Ich erinnere mich an ein mehrtägiges Seminar für Psychiatrie-Pflegepersonen in einem Wiener Spital, in dem eine Frau sich sehr negativ über einen sprechbehinderten Kollegen äußerte, der zu der Zeit vorübergehend nicht im Seminar anwesend war. Da ich diese Ablehnung sehr ernst nahm, machte ich sie zum Thema: Was konkret wäre ihr so zuwider? Heraus kam: Sie fühle sich in ihren eigenen Karrierewünschen gebremst, weil sie ja auf diesen Kollegen Rücksicht nehmen müsse – und der sei halt nicht geschwind genug und außerdem „kein Renommee“ für das Spital.

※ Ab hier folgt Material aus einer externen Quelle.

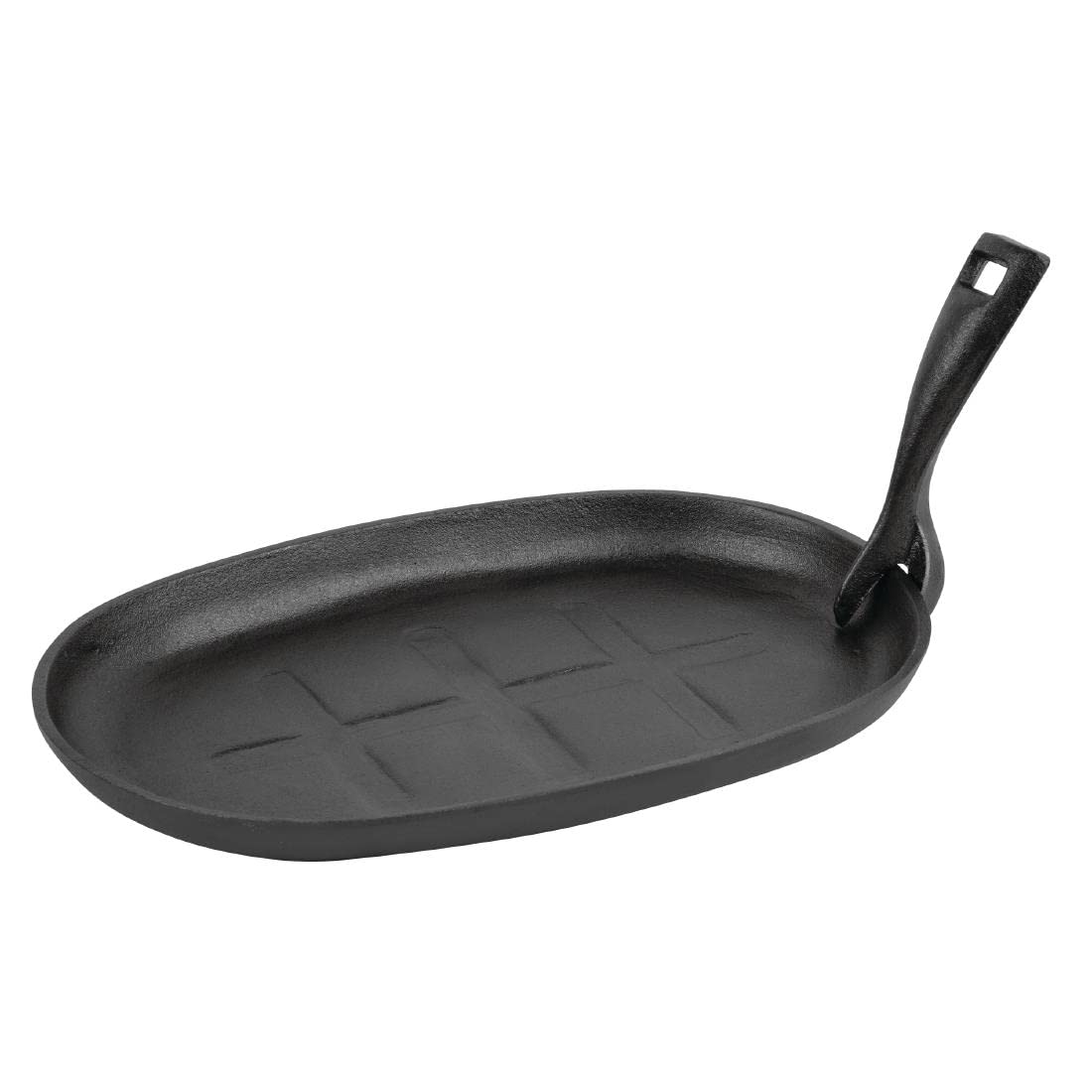 Olympia Cast Iron Sizzle Platter - 280x190mm 11x7 1/2" (CC310)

Die Angst der Menschen vor potenzieller Bedrohung – sei es Konkurrenz durch Fleißigere oder Fordernde (diesseits oder jenseits der Kriminalitätslinie) – und Verlusten, die gibt es immer, wenn plötzlich noch jemand dazu kommt. Das ist meist bei jüngeren Geschwistern, bei Frauen, die Gleichwürdigung einfordern, bei Mitarbeiter:innen, die um gerechte Entlohnung kämpfen … und noch viele mehr, die derzeit als Gruppe noch schweigen (Pensionisten etwa).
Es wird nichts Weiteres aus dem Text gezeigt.